Enviada em 10/05/2018

Na música ’’ Caminhando’’, o cantor Geraldo Vandré foi um dos primeiros artistas a ser perseguido e censurado pelo governo militar, nesse período relata-se os maus tratos, os abusos de poder, as péssimas condições de higiene e a falta de humanidade vivenciados na rotina carcerária. No entanto, hoje, mesmo que não vivamos mais um período opressor, o sistema carcerário brasileiro continua sendo visto como um martírio. Dessa forma, analisar a atual situação do encarceramento para assim agir efetivamente no descontrole dos efeitos existentes.

Claramente, é perceptível a má infraestrutura na maioria das cadeias obrigando detentos travarem uma luta pela sobrevivência diariamente. No regime fechado características se repetem e representam a realidade desumana: péssimas condições de vida, segurança nula, falta de assistência social e judiciaria e a convivência entre presos já condenados e os que ainda aguardam julgamento. Na raiz desses problemas está a superlotação carcerária. E apesar do que muita pessoas dizem bandido bom não é bandido morto até porque isso é crime, a pena de morte não existe no Brasil e cuidar do bem-estar do preso é responsabilidade do governo segundo o Art. 40 da Lei nº 7.210, lei essa não cumprida. Nesse caso, se esse cenário não for revertido, ao final da pena o individuo terá dificuldades para se reintegrar na sociedade e tenderá a viver do trabalho informal ou, em mitos casos, voltar ao crime.

Outro aspecto a ser pontuado é a situação dos presos provisórios. Em todo país, 34% dos detentos aguardavam julgamento em 2017, mas essa proporção varia entre os estados uma situação que fomenta ainda mais a superlotação devido a morosidade em julgar os casos. Esse quadro se estende a falta de políticas públicas no setor econômico, déficit de defensores públicos, greves de PMs, insegurança pública, rebeliões, reajuste salarial aumentando ainda mais o descaso. Dessa forma, o dinheiro destinado a cada preso deve ser destinado a novos defensores públicos, melhoria para os policiais diminuindo o numero de presos e de celas explodindo.

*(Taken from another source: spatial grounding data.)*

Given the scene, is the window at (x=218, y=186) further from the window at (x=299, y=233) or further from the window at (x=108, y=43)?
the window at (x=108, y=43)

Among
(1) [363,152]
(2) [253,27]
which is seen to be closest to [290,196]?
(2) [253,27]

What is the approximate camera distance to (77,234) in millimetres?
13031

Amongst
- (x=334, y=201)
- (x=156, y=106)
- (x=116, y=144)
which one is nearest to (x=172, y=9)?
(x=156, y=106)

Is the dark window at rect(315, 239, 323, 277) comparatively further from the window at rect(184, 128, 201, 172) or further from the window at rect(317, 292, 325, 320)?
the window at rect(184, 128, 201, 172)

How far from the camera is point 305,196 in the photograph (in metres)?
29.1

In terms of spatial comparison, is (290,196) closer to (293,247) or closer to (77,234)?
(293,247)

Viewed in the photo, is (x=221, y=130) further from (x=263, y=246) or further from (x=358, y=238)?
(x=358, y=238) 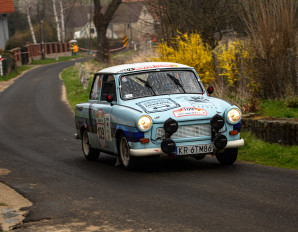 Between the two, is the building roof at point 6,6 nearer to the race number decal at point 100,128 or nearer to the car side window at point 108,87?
the car side window at point 108,87

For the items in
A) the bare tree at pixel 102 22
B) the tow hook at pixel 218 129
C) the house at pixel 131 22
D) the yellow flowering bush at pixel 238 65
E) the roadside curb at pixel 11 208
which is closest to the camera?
the roadside curb at pixel 11 208

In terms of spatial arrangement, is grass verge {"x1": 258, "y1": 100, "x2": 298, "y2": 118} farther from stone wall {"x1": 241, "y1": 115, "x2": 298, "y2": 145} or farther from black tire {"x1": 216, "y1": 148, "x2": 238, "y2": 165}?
black tire {"x1": 216, "y1": 148, "x2": 238, "y2": 165}

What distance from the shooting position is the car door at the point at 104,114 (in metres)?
10.6

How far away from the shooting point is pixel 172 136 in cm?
937

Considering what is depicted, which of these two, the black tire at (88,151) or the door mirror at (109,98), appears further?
the black tire at (88,151)

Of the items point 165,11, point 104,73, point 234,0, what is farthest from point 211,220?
point 234,0

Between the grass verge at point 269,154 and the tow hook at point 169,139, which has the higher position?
the tow hook at point 169,139

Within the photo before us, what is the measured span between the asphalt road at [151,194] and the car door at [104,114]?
466 mm

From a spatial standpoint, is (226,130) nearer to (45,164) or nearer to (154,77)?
(154,77)

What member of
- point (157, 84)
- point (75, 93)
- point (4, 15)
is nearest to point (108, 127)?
point (157, 84)

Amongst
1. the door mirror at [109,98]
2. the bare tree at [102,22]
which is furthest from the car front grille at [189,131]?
the bare tree at [102,22]

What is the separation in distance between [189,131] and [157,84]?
1623 millimetres

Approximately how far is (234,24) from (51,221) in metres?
18.1

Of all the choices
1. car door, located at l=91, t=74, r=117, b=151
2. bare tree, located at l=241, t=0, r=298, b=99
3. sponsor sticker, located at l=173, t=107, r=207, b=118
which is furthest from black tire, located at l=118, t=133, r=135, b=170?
bare tree, located at l=241, t=0, r=298, b=99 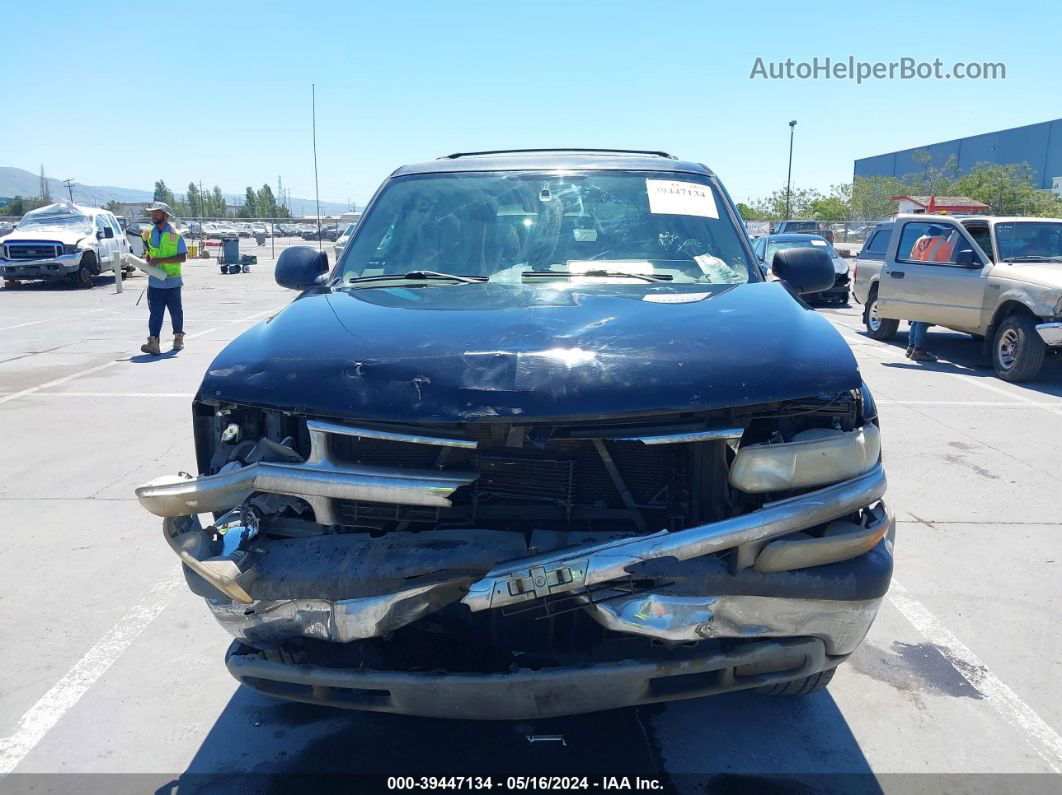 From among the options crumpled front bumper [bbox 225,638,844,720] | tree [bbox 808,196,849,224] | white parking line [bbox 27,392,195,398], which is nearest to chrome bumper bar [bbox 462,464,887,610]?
crumpled front bumper [bbox 225,638,844,720]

Logo, condutas são necessárias para estagnar o descontrole diretamente e indiretamente nas prisões. Portanto, a ação conjunta entre estados federais e municipais deve se iniciar pelo fim da política do encarceramento em massa e por reduzir a quantidade de pessoas presas, inicialmente pela revisão da Lei de Drogas. As prefeituras juntamente com as comunidades devem investir na reabilitação de réus primários e de adolescentes infratores, o que poderia diminuir a possibilidade de ingressarem em organizações criminosas. Por fim, conceber um sistema voltado, de fato, em ressocializar o preso, com política mais humanizadoras, onde o encarceramento seja a ultima alternativa. Até porque, a proteçã, o apoio, a oprtunidade aos mais vulneraveis sempre pode caber no orcamento.